9. Mr Melvin submitted that nothing turned on the delay between the appellant claiming asylum in 2017 and the refusal of that claim in 2022. The delay was attributable to the appellant, not the respondent.

10. It was clear that the appellant could not rely on the first statutory exception to deportation. It was also important to recall that he had fabricated an asylum claim. There was no protection or private life impediment to his deportation, and the real focus was on the family life between him and his children.

11. Mr Melvin accepted that the appellant lives with his two youngest children, J and D, who are aged four and five. The appellant had maintained that he was their primary carer but that was not accepted by the respondent. It seemed that the appellant had significant assistance from other people in any event. Such assistance was provided, in particular, by his older children, primarily his eldest daughter, and by Ms Campbell. It remained the case that there was no evidence of Ms Campbell’s circumstances. His evidence was rather vague. Whether they were in fact living as a family unit was a matter for the Tribunal. Either way, it was clear that she remained a significant part of the children’s lives.

12. There was a paucity of evidence since the Upper Tribunal’s first decision, although it had been clear from that point that the nature of these relationships was to be in issue. It was insufficient for the appellant to point to findings which had been made by the FtT in 2022; what was important was the current state of the relationships.

13. It was open to the appellant and Ms Campbell to decide that J and D should relocate to Jamaica with the appellant or both of them. Neither of them had any status in the UK and the best interests of the children were to be with their parents. Alternatively, the children might remain in the UK and Ms Campbell could attempt to regularise her status. It might be thought that she had a meritorious case for leave to remain, given that she has two children who are British. As indicated above, it was not accepted that the appellant was J and D’s primary carer. Nor was it accepted that the appellant had decided not to involve his children in his case to avoid causing them stress.

14. Mr Melvin submitted that Yalcin v SSHD was of limited assistance to the appellant. Paragraph [57] of that judgment was to be read in context, and with [58] in particular. In this case, there was considerable offending, the most serious of which involved the supply of heroin and resulted in the imposition of a sentence of five years’ imprisonment. There was evidently a heavy and cogent public interest in the appellant’s deportation, and nothing which served to outweigh that public interest on the facts. Although the lack of offending for some years was to be taken into account – as was the fact that the appellant was a low risk of reoffending – the public interest remained so high that it comprehensively outweighed the matters on the appellant’s side of the balance sheet.

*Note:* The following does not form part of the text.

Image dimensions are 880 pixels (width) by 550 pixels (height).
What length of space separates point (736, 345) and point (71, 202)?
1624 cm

15. For the appellant, Mr Scott submitted that the appellant was evidently the primary carer of J and D. The description he had given of his part time working arrangements had the ring of truth and should be accepted. The respondent accepted that J and D lived with the appellant in High Wycombe. There was no reason to doubt what was said about the limited role played by Ms Campbell in their care. Mr Scott invited us to accept that the appellant and J and D enjoyed a relationship with his other children also. There had been unchallenged evidence about his eldest daughter looking after J and D whilst he was out at work. If there was any doubt about the appellant’s relationship with his teenage children, K and S, it was clear that he had been paying child support for his son K in the past. Mr Scott asked to accept that the appellant also had a disabled brother in Aylesbury, with whom he remained in regular contact.

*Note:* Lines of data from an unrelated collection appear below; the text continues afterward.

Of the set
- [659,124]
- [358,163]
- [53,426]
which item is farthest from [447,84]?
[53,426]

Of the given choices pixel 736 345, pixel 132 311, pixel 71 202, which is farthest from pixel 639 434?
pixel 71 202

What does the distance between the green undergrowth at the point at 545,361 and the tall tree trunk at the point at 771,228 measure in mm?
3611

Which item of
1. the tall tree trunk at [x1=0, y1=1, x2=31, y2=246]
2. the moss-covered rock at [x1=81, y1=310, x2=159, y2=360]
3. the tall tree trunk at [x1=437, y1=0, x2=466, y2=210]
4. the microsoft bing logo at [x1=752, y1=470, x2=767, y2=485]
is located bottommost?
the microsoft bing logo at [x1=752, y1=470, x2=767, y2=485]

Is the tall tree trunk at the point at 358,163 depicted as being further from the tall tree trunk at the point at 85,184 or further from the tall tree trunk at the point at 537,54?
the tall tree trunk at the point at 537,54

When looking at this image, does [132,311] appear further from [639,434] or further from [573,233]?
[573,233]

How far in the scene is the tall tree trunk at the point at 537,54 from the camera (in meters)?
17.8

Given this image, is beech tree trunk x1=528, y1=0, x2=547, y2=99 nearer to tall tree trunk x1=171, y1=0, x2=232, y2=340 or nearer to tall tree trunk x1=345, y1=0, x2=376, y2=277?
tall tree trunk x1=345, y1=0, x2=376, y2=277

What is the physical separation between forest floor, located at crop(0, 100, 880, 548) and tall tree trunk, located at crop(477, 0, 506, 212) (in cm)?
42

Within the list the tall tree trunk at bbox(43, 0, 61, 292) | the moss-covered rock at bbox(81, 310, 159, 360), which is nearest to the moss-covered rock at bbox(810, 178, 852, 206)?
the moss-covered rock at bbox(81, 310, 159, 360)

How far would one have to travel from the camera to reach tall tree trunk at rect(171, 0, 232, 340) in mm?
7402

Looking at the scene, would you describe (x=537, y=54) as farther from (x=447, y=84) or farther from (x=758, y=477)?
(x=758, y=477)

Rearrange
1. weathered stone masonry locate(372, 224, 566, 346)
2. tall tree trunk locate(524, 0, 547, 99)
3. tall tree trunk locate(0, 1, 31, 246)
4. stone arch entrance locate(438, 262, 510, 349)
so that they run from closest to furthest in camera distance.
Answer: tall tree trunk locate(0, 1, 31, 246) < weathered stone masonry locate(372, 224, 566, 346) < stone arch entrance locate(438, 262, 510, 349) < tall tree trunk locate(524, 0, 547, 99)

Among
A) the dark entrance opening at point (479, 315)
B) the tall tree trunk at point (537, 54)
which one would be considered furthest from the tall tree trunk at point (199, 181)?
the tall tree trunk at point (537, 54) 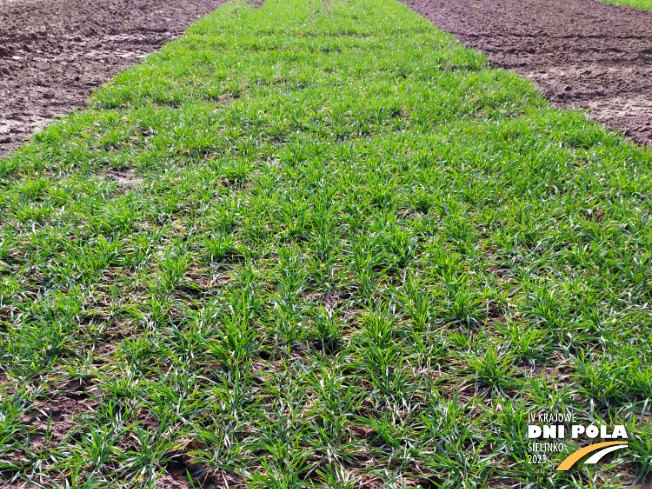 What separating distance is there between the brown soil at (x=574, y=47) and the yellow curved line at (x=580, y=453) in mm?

16. Mr Scott submitted that it would be unduly harsh on the appellant’s children for him to be deported. In the event that J and D were to accompany the appellant and Ms Campbell to Jamaica, they would lose contact with their half-siblings, which was also relevant. In the event that they were to stay in the UK with Ms Campbell, they would lose contact with the appellant, who has essentially raised them on his own, and would be placed with a woman who was subject to the hostile environment. Judge Metzer KC asked Mr Scott why Ms Campbell could not relocate to Jamaica. He had no real answer to that question, although he noted that J and D would have no familiarity with the country, and could not be forced to go there because they are British citizens.

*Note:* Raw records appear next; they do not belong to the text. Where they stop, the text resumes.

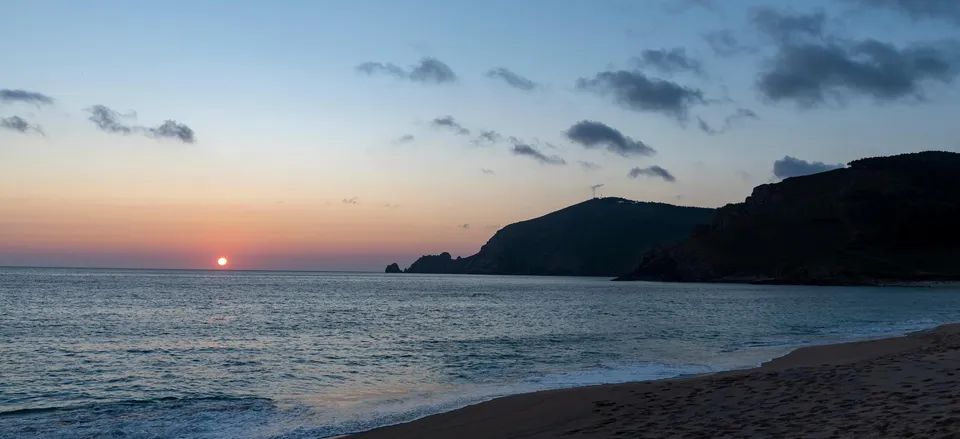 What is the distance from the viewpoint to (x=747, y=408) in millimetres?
14648

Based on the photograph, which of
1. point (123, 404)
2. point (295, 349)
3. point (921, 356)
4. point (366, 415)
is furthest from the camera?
point (295, 349)

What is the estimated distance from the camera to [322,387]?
2330 centimetres

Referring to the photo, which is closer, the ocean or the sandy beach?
the sandy beach

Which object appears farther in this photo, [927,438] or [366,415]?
[366,415]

17. Mr Scott noted that the appellant has not offended for some years. He noted that the Probation Service assessment was that he represented a low risk of reoffending. His rehabilitation was a factor which needed to be taken into account. Yalcin v SSHD was relevant; even if he did not qualify under the exceptions, his family and his private life combined to outweigh the public interest in deportation.

18. We reserved our decision at the end of the hearing.

Findings of Fact

19. Having reflected carefully on the oral and documentary evidence adduced before us, we find that the appellant has given an essentially truthful and accurate account of his family circumstances in the United Kingdom. He is not currently in a relationship. He has fathered six children by five different women. Two of those children, Andrea and Darnell are adults. Two, S and K, are teenagers. Two, D and J, are young children, aged four and five. All of the children are British citizens.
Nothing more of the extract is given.